Hoth Therapeutics Inc. (NASDAQ: HOTH) has released proof of concept results from an Alzheimer’s disease animal model supporting HT-ALZ’s therapeutic potential. The study was carried out as part of a Sponsored Research Agreement between the firm and Washington University in St. Louis. HT-ALZ is a treatment in development for the treatment of dementia caused by Alzheimer’s disease under the 505(b)(2) regulatory process.
Preliminary findings show a significant reduction in Aβ levels.
Alzheimer’s disease (AD) is a neurodegenerative illness characterized by amyloid (A) plaques and tau protein neurofibrillary tangles in the brain, which lead to clinical symptoms such as dementia. Using an established AD mouse model (aged APP/PS1+/- mice), Associate Professor of Psychiatry, Carla Yuede, Ph.D., and Associate Professor of Neurology, John Cirrito, Ph.D., at Washington University School of Medicine, investigated the effect of orally administered HT-ALZ on reducing Aβ’s concentration in the brain interstitial fluid.
The preliminary findings show a significant reduction in Aβ in both female and male APP/PS1+/- animals following acute treatment with HT-ALZ, relative to placebo-treated mice and baseline Aβ levels, indicating that HT-ALZ can potentially modify Aβ plaque buildup in the brain, therefore becoming an Alzheimer’s disease therapeutics.

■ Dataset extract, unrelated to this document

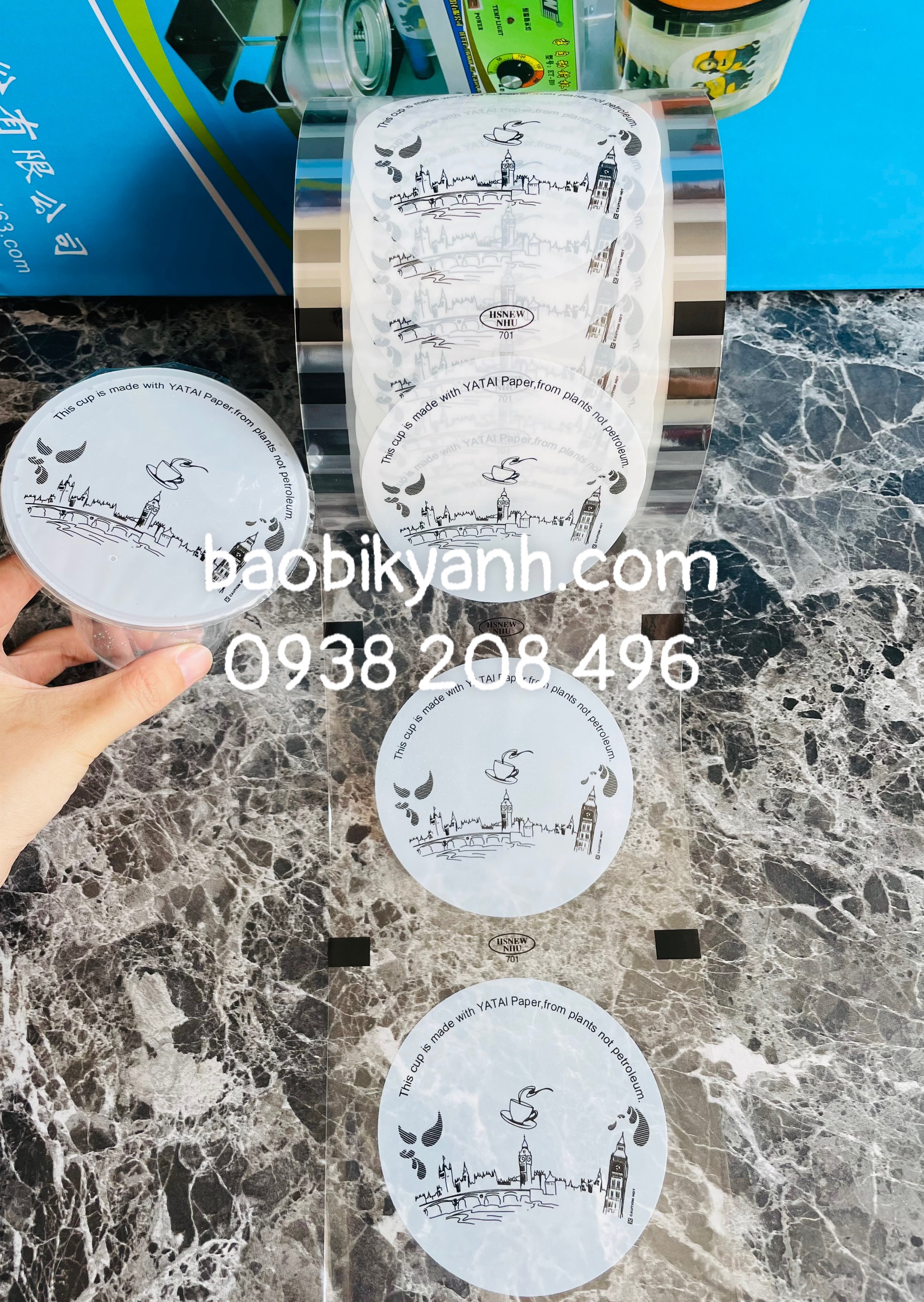 Cuộn màng ép ly/Keo dán miệng ly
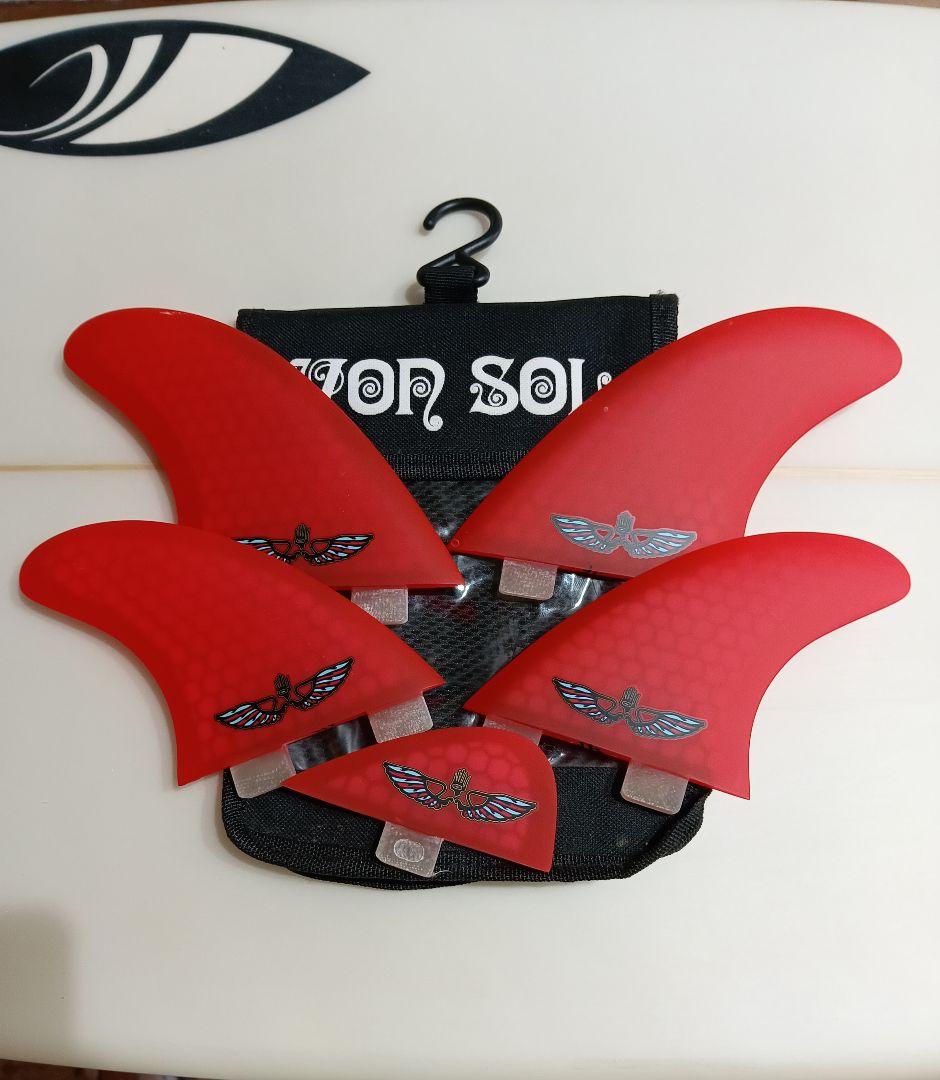 ボンソル　5フィン　セット　von sol サーフボード　fcsフィン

Chief Scientific Officer of Hoth Therapeutics, Stefanie Johns, said, “The overall positive result from these studies is a first step but a big one in the development of HT-ALZ as an Alzheimer’s therapeutic. HT-ALZ is a unique therapeutic in the AD development space because it is eligible for streamlined development under the 505(b)(2) pathway, including available safety data. This allows Hoth to reach efficacy clinical trials faster and bring a new potential treatment for patients with Alzheimer’s disease.”
Next study to evaluate how changes influence cognitive function
Dr. Yuede commented, “The results of these experiments show a reduction in circulating brain Aβ in our model, and we are looking forward to determining how these changes influence behavior and cognitive function.”
Dr. Cirrito and Dr. Yuede’s next study will evaluate the effects of HT-ALZ on anxiety, executive function, and memory in the APP/PS1+/- animal model following chronic treatment with HT-ALZ.